This notion of distance also means that distances inside the disk which appear equal to an external Euclidean observer in fact get longer and longer the closer they are to the edge of the disk. This is also consistent with the observations at the beginning of the post: as your body got further toward the edge of the disk, it appeared from an external viewpoint to be moving more and more slowly. From a viewpoint inside the disk, though, it was moving at constant speed and would never reach the edge of the disk, which is infinitely far away. The disk appears bounded from the external Euclidean view, but from within it is entirely unbounded and limitless.

Let’s close by looking at two familiar shapes, interpreted in the hyperbolic disk. First, circles. Recall that a circle is simply the set of points that are some fixed distance away from a given center. Now, what happens when we interpret this definition inside the hyperbolic disk? Perhaps somewhat surprisingly, we get Euclidean circles! (Sort of.) To be more precise, hyperbolic circles in the Poincaré disk model are precisely the Euclidean circles that lie entirely within the disk. (I’m not going to go through the tedious calculations to prove this; I’ll leave that up to you…) Beware, though! The hyperbolic center of the circle is generally different from the Euclidean center. (This should make sense if you think about our distance definition. The hyperbolic center will be further toward the edge of the disk than the Euclidean center, coinciding only if the Euclidean center of the circle is in fact the center of the hyperbolic disk.)

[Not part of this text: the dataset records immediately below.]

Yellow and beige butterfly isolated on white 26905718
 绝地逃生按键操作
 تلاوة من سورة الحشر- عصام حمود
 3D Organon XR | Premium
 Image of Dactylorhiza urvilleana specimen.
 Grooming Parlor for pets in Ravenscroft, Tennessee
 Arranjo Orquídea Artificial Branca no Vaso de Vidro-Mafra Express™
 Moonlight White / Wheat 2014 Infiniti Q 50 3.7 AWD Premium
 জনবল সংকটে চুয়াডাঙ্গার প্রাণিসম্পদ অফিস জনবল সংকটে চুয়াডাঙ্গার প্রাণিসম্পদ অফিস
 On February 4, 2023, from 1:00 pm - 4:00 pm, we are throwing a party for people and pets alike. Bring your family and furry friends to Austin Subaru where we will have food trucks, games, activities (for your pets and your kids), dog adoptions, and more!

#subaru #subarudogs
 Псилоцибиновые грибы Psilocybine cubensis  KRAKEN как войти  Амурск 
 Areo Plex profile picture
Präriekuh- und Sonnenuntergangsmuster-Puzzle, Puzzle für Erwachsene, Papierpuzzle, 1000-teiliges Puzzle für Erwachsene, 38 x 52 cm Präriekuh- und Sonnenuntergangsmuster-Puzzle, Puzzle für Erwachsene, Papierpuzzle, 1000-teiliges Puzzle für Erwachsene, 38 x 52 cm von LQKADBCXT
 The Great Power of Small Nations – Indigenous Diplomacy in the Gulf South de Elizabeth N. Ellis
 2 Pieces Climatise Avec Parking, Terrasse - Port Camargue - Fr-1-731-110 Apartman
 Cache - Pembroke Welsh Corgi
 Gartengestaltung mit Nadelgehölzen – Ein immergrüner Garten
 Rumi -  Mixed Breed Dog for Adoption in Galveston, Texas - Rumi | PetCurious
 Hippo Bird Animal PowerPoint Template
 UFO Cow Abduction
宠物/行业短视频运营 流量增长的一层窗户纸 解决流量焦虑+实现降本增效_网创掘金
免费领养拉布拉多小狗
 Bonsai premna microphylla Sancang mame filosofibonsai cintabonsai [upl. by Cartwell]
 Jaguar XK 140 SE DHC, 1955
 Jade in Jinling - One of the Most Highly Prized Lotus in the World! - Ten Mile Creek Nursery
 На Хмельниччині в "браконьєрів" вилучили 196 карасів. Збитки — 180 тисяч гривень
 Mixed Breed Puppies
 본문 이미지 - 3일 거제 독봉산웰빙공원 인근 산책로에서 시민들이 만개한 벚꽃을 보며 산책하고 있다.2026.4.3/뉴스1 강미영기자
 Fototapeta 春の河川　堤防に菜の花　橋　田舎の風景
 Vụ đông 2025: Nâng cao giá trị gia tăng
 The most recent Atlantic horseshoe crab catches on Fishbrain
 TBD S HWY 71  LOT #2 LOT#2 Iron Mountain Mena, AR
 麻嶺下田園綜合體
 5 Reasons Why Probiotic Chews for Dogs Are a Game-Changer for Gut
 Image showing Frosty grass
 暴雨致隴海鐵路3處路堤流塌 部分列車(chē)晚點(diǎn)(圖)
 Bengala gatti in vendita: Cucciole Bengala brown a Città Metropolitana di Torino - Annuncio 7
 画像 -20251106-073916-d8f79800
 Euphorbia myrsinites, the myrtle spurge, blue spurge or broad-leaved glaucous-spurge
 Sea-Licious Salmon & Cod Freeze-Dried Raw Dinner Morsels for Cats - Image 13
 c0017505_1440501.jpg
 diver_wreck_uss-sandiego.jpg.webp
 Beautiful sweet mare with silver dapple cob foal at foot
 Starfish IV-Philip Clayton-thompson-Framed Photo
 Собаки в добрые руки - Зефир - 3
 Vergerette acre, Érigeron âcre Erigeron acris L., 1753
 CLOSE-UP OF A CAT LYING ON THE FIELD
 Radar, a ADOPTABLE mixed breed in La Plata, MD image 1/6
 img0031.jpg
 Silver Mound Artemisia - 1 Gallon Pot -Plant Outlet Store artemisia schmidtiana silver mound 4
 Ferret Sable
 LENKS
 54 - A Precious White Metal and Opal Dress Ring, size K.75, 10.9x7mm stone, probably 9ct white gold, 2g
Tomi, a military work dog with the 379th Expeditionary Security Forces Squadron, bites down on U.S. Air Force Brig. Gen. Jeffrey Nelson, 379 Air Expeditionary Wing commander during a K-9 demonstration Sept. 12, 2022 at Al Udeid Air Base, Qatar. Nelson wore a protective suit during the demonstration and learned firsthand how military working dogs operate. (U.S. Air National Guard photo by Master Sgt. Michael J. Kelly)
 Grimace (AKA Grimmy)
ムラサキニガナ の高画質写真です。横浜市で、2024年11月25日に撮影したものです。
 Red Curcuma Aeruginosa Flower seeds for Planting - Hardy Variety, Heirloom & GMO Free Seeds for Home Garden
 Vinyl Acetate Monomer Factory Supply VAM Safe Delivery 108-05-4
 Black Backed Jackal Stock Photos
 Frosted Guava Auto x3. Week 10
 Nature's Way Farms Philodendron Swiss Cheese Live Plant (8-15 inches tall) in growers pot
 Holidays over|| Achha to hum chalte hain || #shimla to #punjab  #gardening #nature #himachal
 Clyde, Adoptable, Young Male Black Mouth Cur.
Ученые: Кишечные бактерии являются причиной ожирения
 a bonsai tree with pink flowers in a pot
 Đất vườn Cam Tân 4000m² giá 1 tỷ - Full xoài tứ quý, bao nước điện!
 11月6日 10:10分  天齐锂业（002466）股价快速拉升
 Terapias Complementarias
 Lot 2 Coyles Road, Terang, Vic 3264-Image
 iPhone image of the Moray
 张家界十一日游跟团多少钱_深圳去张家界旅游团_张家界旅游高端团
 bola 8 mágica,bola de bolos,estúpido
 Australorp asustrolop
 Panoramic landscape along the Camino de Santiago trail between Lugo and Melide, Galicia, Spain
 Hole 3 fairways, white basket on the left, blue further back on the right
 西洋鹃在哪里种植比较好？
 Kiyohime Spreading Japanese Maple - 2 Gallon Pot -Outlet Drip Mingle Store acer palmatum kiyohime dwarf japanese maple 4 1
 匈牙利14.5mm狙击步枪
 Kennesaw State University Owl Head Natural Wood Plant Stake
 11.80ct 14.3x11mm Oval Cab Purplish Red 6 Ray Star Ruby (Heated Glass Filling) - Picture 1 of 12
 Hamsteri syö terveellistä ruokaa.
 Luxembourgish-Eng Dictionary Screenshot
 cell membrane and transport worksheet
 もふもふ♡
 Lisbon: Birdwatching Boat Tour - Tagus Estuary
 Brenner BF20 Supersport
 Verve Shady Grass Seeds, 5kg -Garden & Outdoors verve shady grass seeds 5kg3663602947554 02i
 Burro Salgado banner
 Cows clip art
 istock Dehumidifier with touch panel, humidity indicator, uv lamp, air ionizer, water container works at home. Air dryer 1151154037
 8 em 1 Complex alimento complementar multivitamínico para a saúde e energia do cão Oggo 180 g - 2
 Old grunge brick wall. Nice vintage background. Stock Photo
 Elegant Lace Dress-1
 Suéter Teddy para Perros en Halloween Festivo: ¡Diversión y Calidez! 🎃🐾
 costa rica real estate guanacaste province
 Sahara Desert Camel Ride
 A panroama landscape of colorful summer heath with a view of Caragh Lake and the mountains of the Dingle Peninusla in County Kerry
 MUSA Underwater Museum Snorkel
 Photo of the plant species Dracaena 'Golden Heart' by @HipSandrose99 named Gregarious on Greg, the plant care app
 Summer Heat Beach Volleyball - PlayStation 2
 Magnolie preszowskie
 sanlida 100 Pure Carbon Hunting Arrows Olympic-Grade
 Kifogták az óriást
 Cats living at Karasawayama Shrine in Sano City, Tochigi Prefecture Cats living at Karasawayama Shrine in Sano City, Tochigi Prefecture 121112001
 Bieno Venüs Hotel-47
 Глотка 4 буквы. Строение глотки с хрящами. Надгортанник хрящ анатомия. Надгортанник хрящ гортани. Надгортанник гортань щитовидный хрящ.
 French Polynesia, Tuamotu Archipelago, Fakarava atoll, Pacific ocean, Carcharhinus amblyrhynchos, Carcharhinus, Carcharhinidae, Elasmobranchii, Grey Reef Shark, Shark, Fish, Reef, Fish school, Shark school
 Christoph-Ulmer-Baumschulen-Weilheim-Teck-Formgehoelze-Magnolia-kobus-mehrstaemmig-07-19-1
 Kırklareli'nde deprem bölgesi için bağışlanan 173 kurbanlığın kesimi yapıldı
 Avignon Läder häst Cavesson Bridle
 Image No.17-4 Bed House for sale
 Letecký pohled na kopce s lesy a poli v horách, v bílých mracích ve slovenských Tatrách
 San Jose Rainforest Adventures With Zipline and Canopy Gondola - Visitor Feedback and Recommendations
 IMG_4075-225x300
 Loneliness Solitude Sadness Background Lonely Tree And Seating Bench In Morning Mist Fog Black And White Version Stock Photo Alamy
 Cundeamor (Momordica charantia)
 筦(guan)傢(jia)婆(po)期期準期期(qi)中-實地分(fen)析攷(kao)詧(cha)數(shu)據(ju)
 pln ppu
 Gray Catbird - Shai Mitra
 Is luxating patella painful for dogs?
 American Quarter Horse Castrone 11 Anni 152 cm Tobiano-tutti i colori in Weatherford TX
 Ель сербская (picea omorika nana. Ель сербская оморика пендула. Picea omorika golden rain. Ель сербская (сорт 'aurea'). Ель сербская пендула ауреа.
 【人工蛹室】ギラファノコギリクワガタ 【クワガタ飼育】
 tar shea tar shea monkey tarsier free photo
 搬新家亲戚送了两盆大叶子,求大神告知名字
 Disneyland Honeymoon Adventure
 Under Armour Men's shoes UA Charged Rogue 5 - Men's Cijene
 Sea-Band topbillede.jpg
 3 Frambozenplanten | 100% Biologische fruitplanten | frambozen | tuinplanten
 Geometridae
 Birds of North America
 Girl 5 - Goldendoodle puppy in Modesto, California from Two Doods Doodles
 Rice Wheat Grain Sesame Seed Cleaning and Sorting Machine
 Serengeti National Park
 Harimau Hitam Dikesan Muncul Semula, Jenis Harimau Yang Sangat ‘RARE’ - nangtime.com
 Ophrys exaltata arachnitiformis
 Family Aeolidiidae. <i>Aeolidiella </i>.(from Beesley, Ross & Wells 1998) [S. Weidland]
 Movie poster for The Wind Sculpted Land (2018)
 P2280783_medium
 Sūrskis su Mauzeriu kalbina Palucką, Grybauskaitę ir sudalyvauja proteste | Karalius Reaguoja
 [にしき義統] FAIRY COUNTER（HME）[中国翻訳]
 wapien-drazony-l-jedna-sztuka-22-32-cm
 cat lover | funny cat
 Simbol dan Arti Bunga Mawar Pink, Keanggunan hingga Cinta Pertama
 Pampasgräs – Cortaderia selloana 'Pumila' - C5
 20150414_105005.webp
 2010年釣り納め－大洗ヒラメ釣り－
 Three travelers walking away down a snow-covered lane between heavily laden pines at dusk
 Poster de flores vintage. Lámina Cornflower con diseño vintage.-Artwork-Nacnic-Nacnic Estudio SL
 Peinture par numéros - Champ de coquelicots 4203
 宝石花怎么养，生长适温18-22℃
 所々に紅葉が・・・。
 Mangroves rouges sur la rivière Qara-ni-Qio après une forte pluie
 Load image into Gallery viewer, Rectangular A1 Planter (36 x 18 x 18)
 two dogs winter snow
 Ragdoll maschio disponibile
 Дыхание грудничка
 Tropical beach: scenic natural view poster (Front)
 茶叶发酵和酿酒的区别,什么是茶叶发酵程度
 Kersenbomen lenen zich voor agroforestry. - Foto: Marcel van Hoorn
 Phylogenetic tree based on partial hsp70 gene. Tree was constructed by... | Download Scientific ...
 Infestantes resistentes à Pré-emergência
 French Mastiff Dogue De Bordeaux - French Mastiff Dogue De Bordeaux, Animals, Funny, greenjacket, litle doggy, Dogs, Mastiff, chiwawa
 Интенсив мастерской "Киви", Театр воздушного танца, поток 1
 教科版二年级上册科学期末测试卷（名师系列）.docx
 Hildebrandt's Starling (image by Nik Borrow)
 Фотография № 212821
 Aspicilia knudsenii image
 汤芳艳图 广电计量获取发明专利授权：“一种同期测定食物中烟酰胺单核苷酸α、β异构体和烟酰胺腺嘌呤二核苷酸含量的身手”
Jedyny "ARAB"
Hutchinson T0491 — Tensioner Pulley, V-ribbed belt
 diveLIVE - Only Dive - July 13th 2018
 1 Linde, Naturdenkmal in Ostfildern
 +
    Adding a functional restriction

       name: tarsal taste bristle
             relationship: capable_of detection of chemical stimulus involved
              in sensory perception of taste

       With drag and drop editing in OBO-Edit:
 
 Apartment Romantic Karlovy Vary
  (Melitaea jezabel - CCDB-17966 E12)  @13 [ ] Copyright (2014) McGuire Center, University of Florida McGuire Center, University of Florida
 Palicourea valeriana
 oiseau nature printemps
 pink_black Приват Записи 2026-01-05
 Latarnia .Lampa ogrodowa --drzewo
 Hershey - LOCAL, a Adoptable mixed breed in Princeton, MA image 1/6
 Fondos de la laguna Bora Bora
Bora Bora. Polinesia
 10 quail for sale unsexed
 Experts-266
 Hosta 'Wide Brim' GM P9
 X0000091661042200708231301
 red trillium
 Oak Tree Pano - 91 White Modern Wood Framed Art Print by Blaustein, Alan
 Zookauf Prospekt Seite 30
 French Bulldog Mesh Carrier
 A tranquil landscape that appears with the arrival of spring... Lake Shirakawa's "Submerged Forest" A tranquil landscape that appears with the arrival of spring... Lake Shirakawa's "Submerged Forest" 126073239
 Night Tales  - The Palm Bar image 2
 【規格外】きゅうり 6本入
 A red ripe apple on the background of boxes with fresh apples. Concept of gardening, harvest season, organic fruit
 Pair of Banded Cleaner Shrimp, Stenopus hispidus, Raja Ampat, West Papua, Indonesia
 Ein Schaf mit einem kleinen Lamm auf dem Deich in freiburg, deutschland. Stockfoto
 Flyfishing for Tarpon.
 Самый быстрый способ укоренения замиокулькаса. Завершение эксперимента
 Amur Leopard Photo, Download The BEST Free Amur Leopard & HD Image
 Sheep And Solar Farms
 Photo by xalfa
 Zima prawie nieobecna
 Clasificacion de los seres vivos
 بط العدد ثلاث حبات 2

Next, triangles. A triangle is, of course, a polygon with three sides. This definition works perfectly fine in hyperbolic geometry; we simply require that our sides are hyperbolic line segments rather than Euclidean line segments. If we assume the first four of Euclid’s postulates, then the Parallel Postulate is actually equivalent to the statement that the sum of the interior angles of a triangle is 180 degrees. In the Poincaré disk model (and, in fact, in any model of hyperbolic geometry) all triangles have angles that sum to less than 180 degrees. This should be evident if we look at a typical triangle:

A typical triangle in the Poincaré disk model.

Things become interesting when you start to ask how much less than 180 degrees a hyperbolic triangle has. The remarkable fact is that the number of degrees in a hyperbolic triangle is dependent entirely on its (hyperbolic) area! The smaller a triangle is, the larger the sum of its interior angles: as triangles get smaller and smaller, approaching a single point, the sum of their angles approaches 180 degrees from below. Correspondingly, as triangles get larger, the sum of their angles approaches 0 degrees. In fact if we consider an “ideal triangle”, in which the three vertices are in fact points on the bounding circle (and thus not real points in the disk model), then the sum of the angles of this “triangle” is actually 0 degrees!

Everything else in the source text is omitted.